M/V Tustumena at Kodiak dock. Photo by Gordon Leggett via
M/V Tustumena at Kodiak dock. Photo by Gordon Leggett via

For the first time, money from ticket sales and revenue coming in from passengers using the Alaska Marine Highway System, known as toll credits, will fund ferry and marine highway projects across the state. That’s in part due to recent eligibility changes within a Federal Highway Administration program.

Last week on April 4, the Alaska Department of Transportation and Public Facilities announced it was approved to utilize toll credits, as state matching funds for critical transportation projects.

Shannon McCarthy, the communications director for the Alaska DOT&PF, explained how a toll credit can be used in lieu of the state spending more money on Alaska Marine Highway System projects.

“The toll credits aren’t actually money; they just allow us [DOT] to meet the requirements that the state doesn’t have to put in additional state dollars,” McCarthy said. “So then we can use the federal funds that we normally get, we apply the toll credit, and then we could use other funding; for example like the ferry boat money, or the Surface Transportation Block Grant funding.”

The ferry boat formula funds are a separate source of federal funding that go towards construction or improvements to ferryboats or ferry terminal facilities around the U.S.
According to McCarthy, Alaska receives roughly $20 million to $35 million in ferry boat funds each year.

McCarthy said this is the first time the state has been able to use the toll credit program for Alaska Marine Highway System projects. Mainly because the federal program had strict requirements but the law was recently changed so that Alaska could qualify.

Towards the end of March, the DOT incorrectly included millions of dollars from ferry ticket sales within the Statewide Transportation Improvement Plan [STIP], which was rejected by the Federal Highway Administration [FHWA]. McCarthy noted this was due to a miscommunication between FHWA and DOT, which led to the state mistakenly creating a separate STIP project for the toll credits. The state is now approved to use $19.8 million from ferry ticket sales or toll credits as Alaska’s 10% portion needed to match other federal funds coming in for improvements to the AMHS.

McCarthy says this allows DOT to fund a dozen Alaska projects that have been approved by the Federal Highway Administration to use toll credits for the state match requirements. That includes the Tustumena Replacement Vessel, with the vast majority of the money coming from federal sources.
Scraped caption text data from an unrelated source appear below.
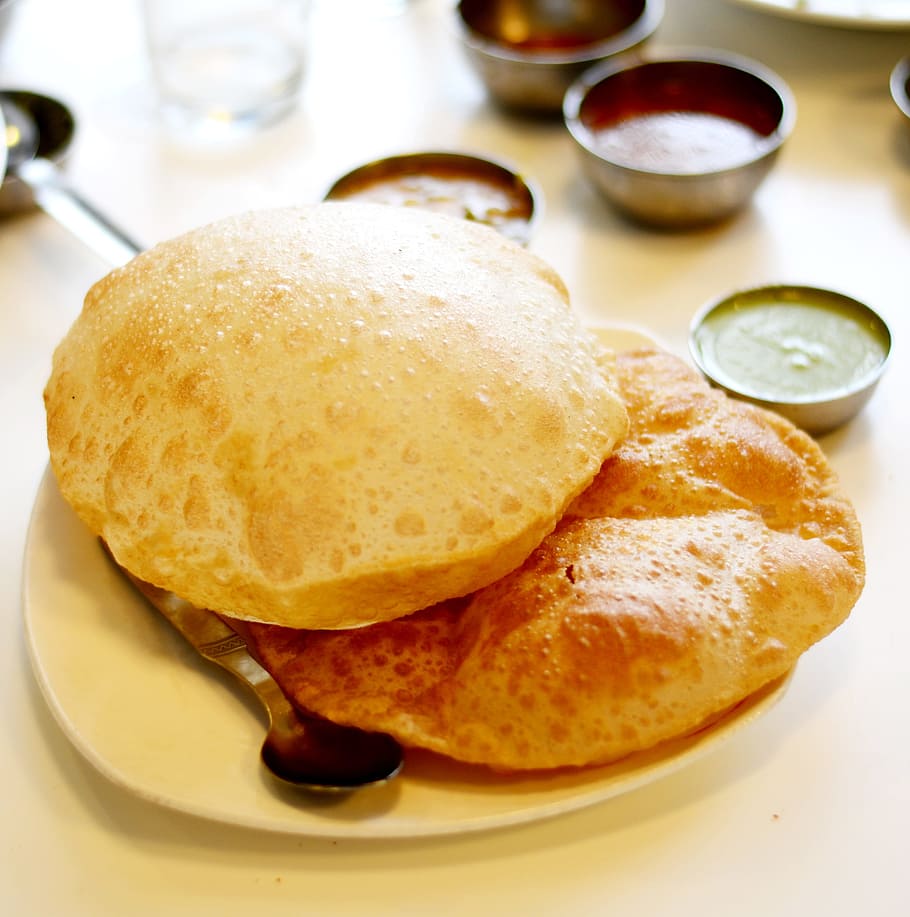 Poori Bhaji, breakfast, refreshment, sandwich, table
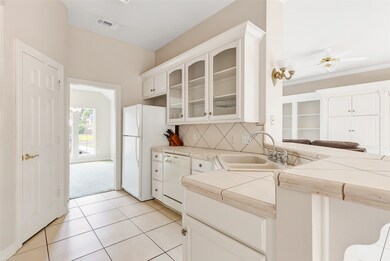 6008 Lakeside Dr, Liberty, TX 77575 - photo 6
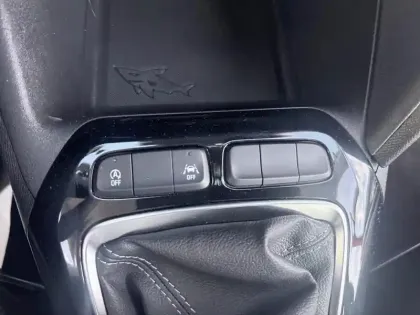 Photo 25 Opel Corsa Gén. VI Ph1 Edition 5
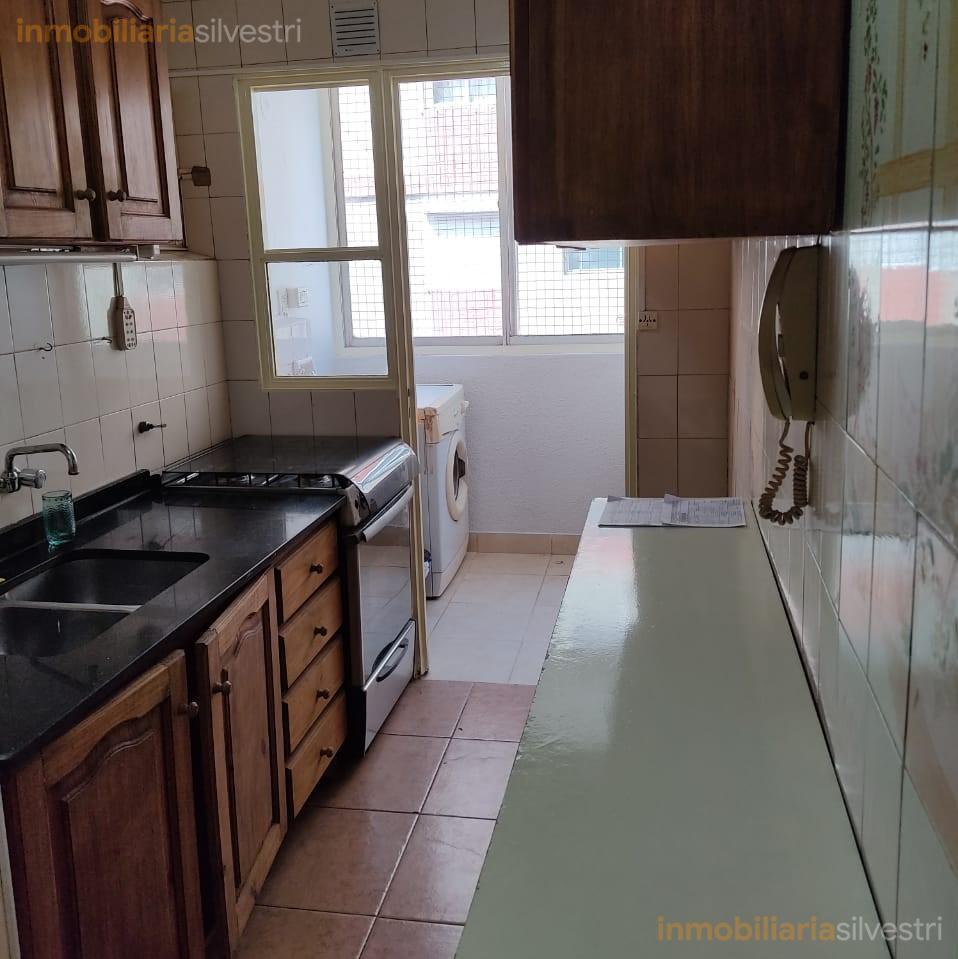 Foto de DEPARTAMENTO EN ALQUILER 4 AMBIENTES CABALLITO BUENOS AIRES, imagen 2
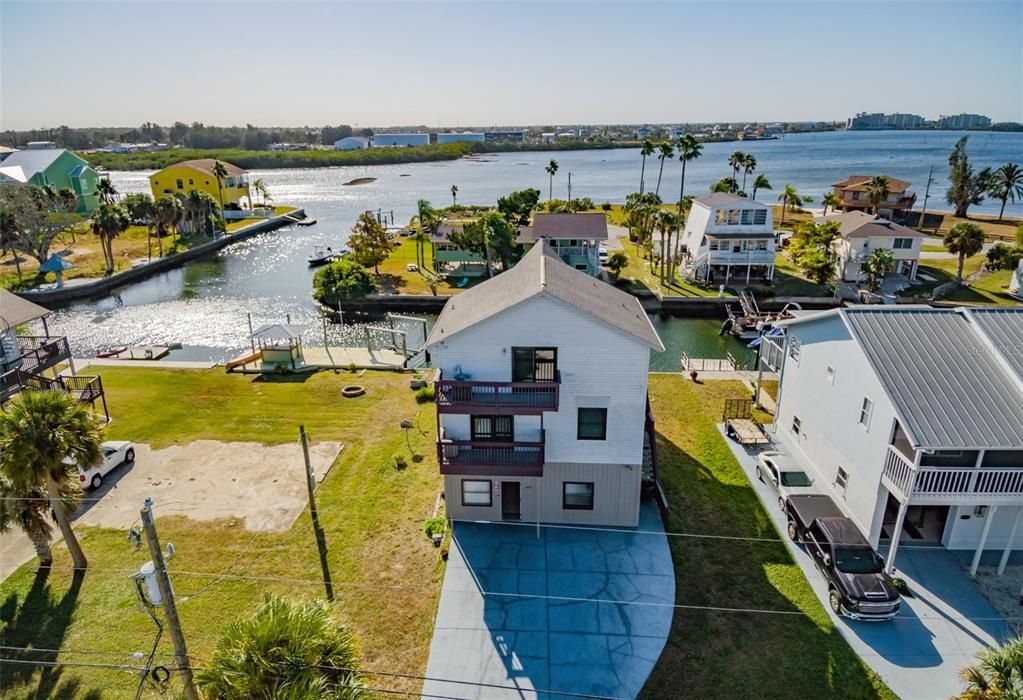 На продажу: $339,000 (0.15 acres)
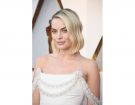 Look super chic per Margot Robbie. (Photo credit: Getty Images)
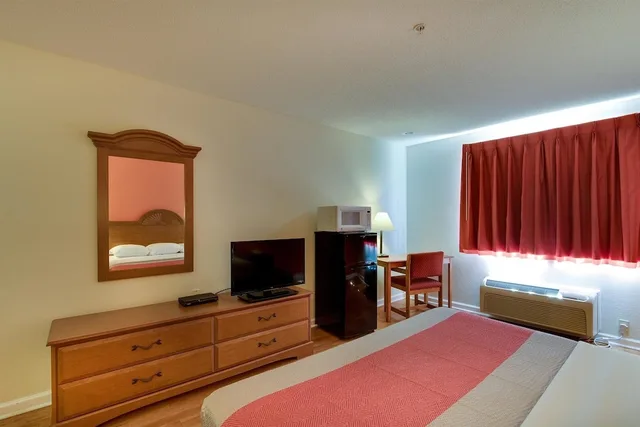 غرفة قياسية بسرير كينج لذوي الإعاقة، Motel6 Hinesville, GA 3/10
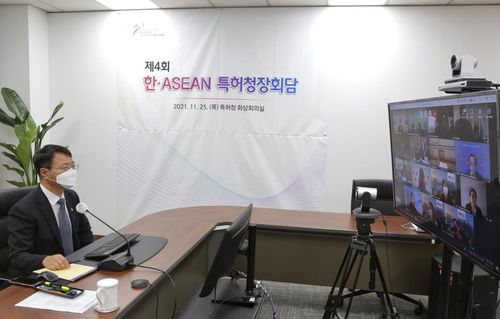 화상회의 하는 김용래 특허청장[특허청 제공. 재판매 및 DB 금지]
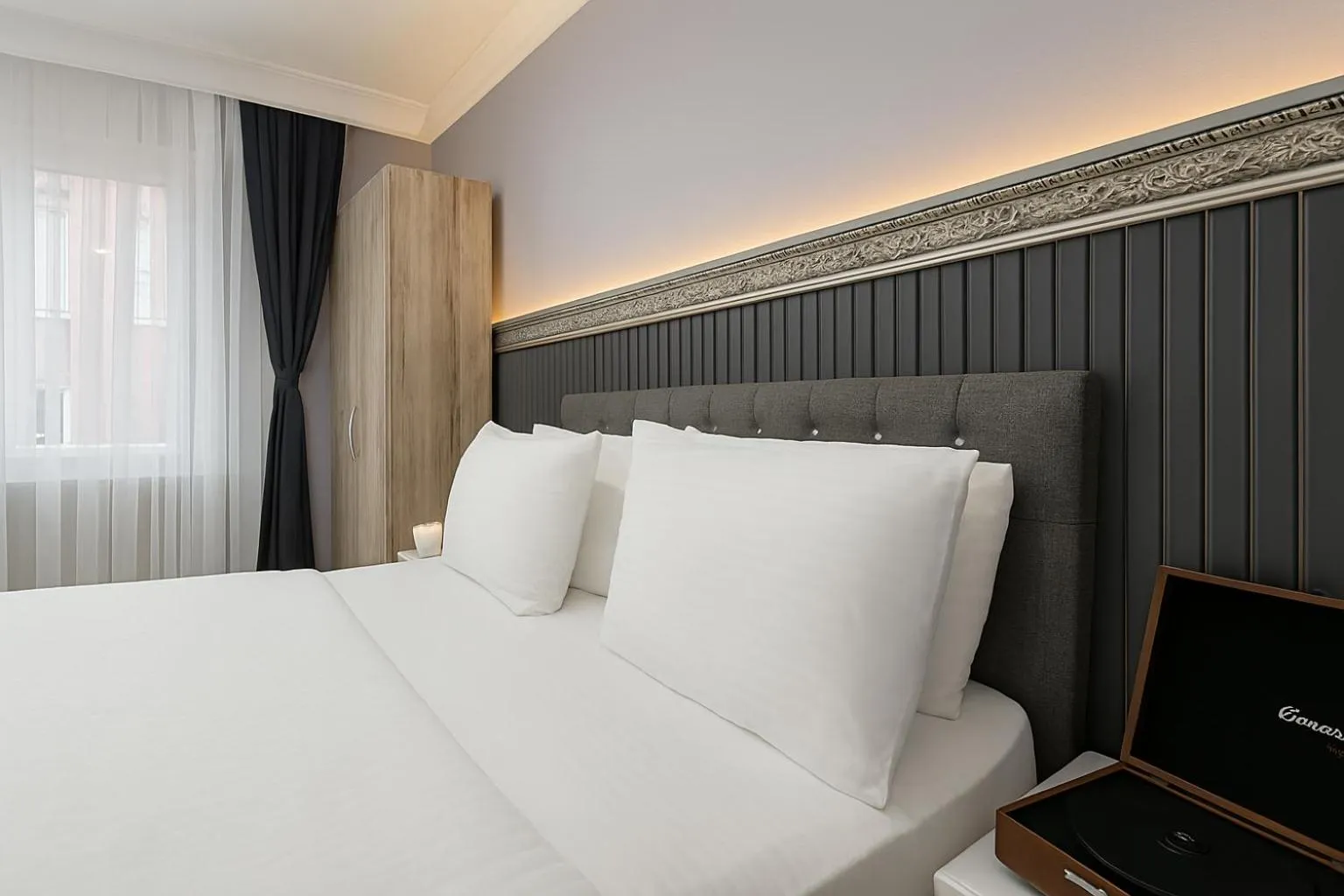 Bed in Ozer Hotel & Apartments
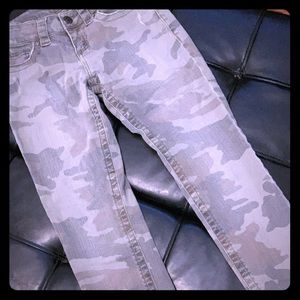 Seven7 Camo Skinny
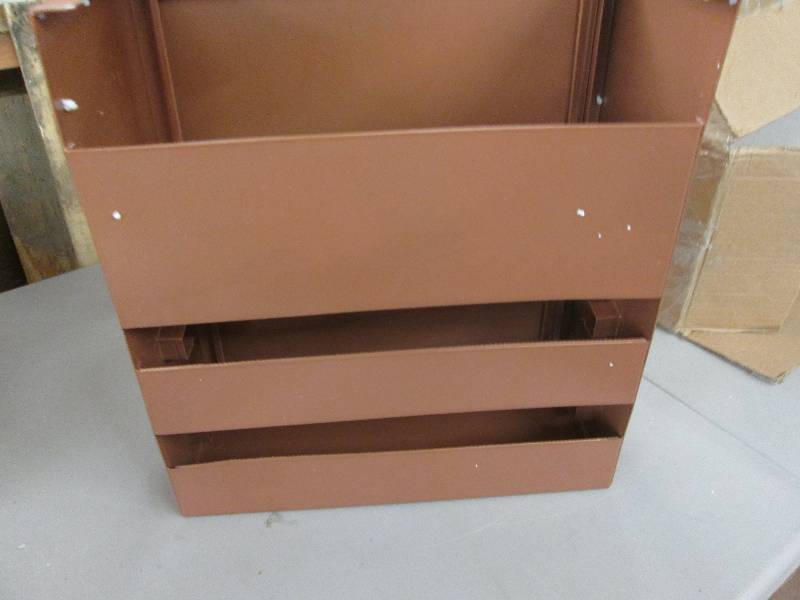 lot 211 image: Kitchen Wrap Center open box, sligh...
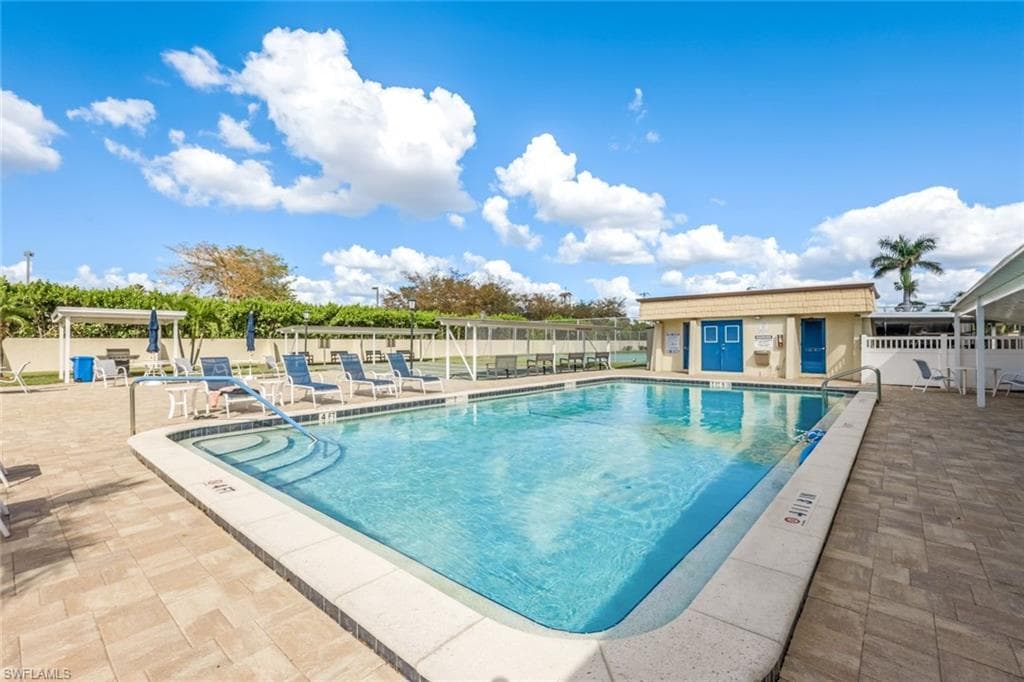 45 Tozer Ct, Fort Myers, FL 33919-20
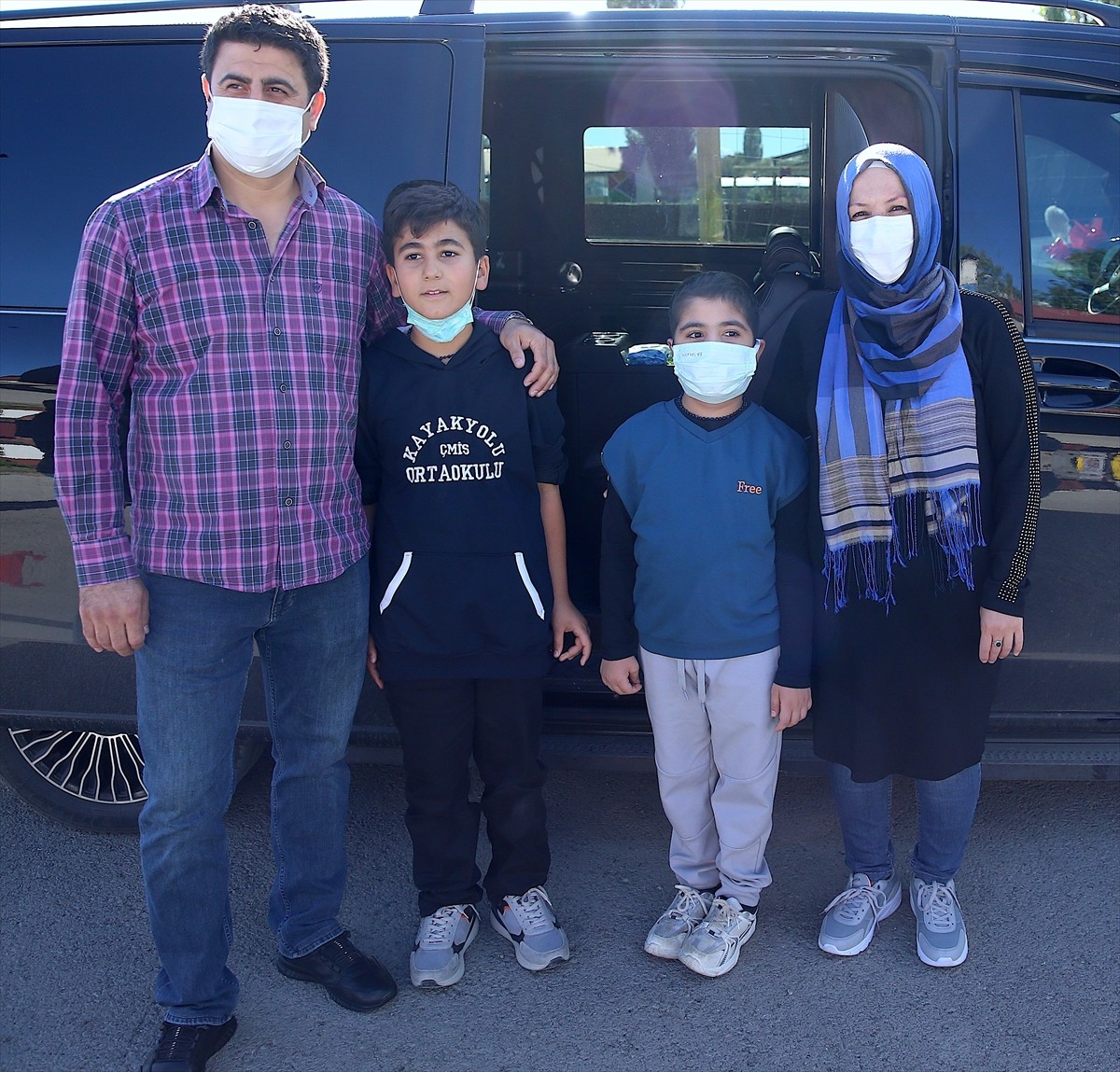 Erzurum'da Türk Kızılay Palandöken Şubesi gönüllüleri, lösemi teşhisi konulmasının ardından ilik...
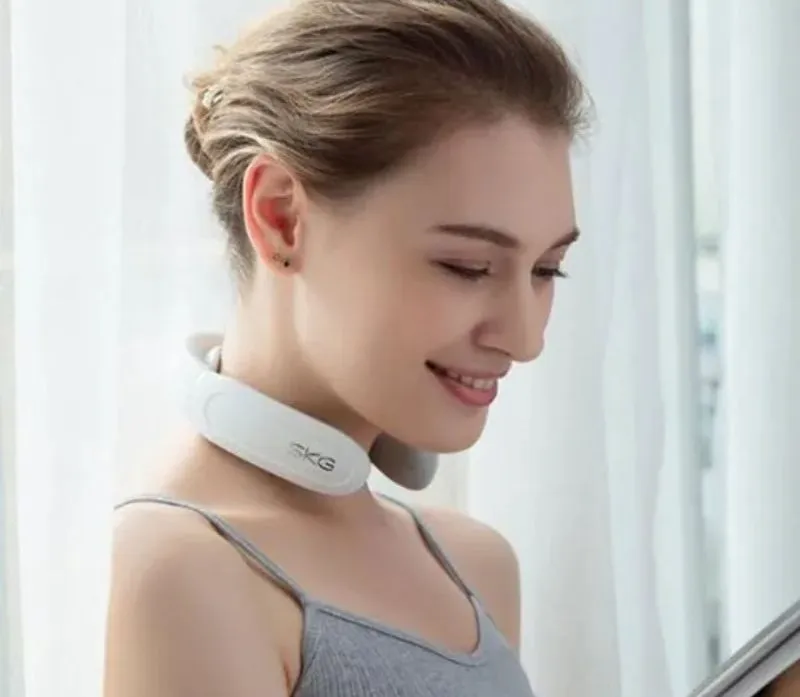 Máy massage cổ SKG 4356E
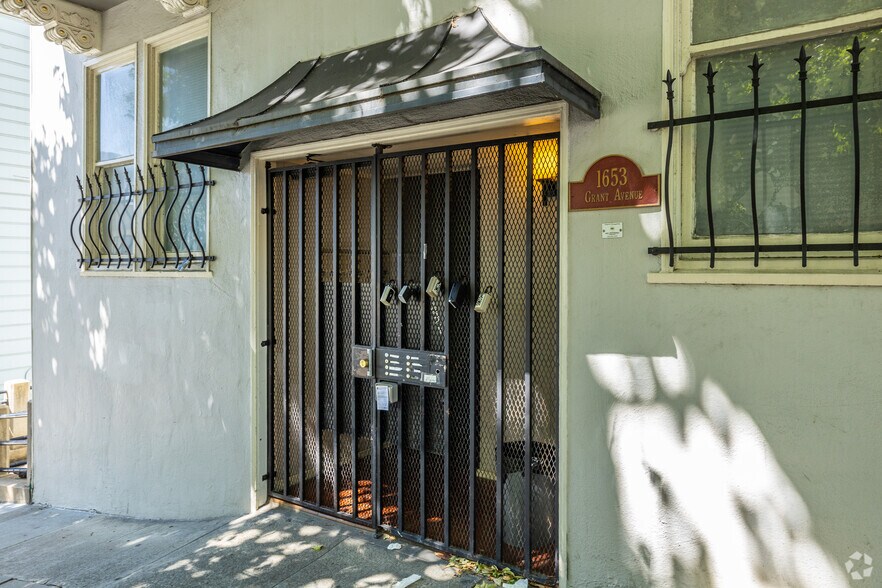 More Photos Of 1653-1667 Grant Ave, San Francisco Apartments For Lease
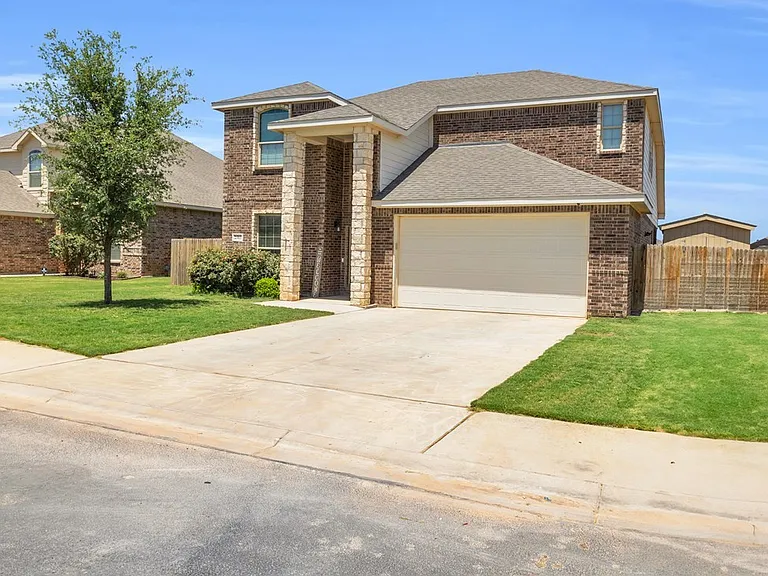 2313 Sky View Rd — Photo 4
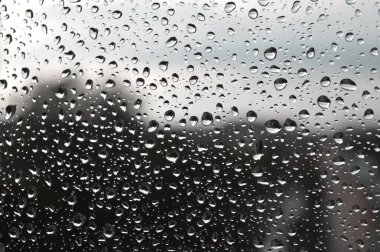 Pencereye yağmur damlaları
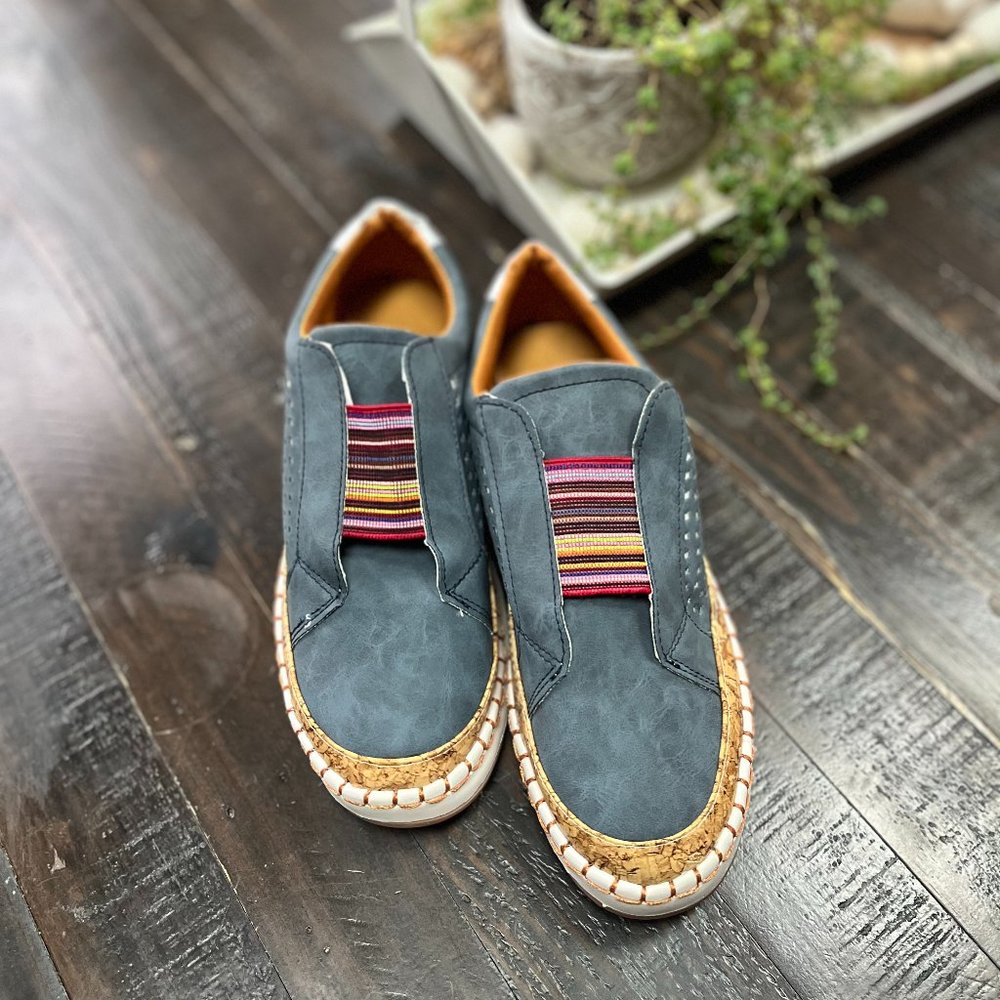 Women's Size 8.5 Faux Leather Casual Slip-on Shoes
The Federal Transit Administration awarded $92,786,400 towards the TRV project back in 2023 through the administration’s Rural Ferry Program.

“[The toll credit program is] going to be an incredible benefit to the Alaska Marine Highway System,” McCarthy said. “It gives the State of Alaska, Alaska DOT, a lot of flexibility when it comes to funding these really important capital upgrades that have been sorely needed.”

Other approved projects include ferry terminal rehabilitation in communities like Kake and Angoon, as well as upgrades on several ferries such as the M/V Matanuska, and the complete replacement of the M/V Tustumena.

It is unclear when construction on the Tustumena Replacement Vessel will begin but an estimated timeline plans for the new ferry to be finished in 2027. The Tusty is currently dry docked for its annual winter overhaul through April 30, before it is scheduled to resume sailings to Kodiak Island communities of Port Lions, Ouzinkie, and Kodiak.